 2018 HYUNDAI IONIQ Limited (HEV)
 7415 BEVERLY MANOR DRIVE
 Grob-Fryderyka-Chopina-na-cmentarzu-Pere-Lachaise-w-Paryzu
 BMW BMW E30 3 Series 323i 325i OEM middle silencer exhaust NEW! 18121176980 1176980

**Prompt:**
From the line with "7415 BEVERLY MANOR DRIVE" to the last line of the material, give every line again exactly, and only those lines.

**Solution for this task:**
 7415 BEVERLY MANOR DRIVE
 Grob-Fryderyka-Chopina-na-cmentarzu-Pere-Lachaise-w-Paryzu
 BMW BMW E30 3 Series 323i 325i OEM middle silencer exhaust NEW! 18121176980 1176980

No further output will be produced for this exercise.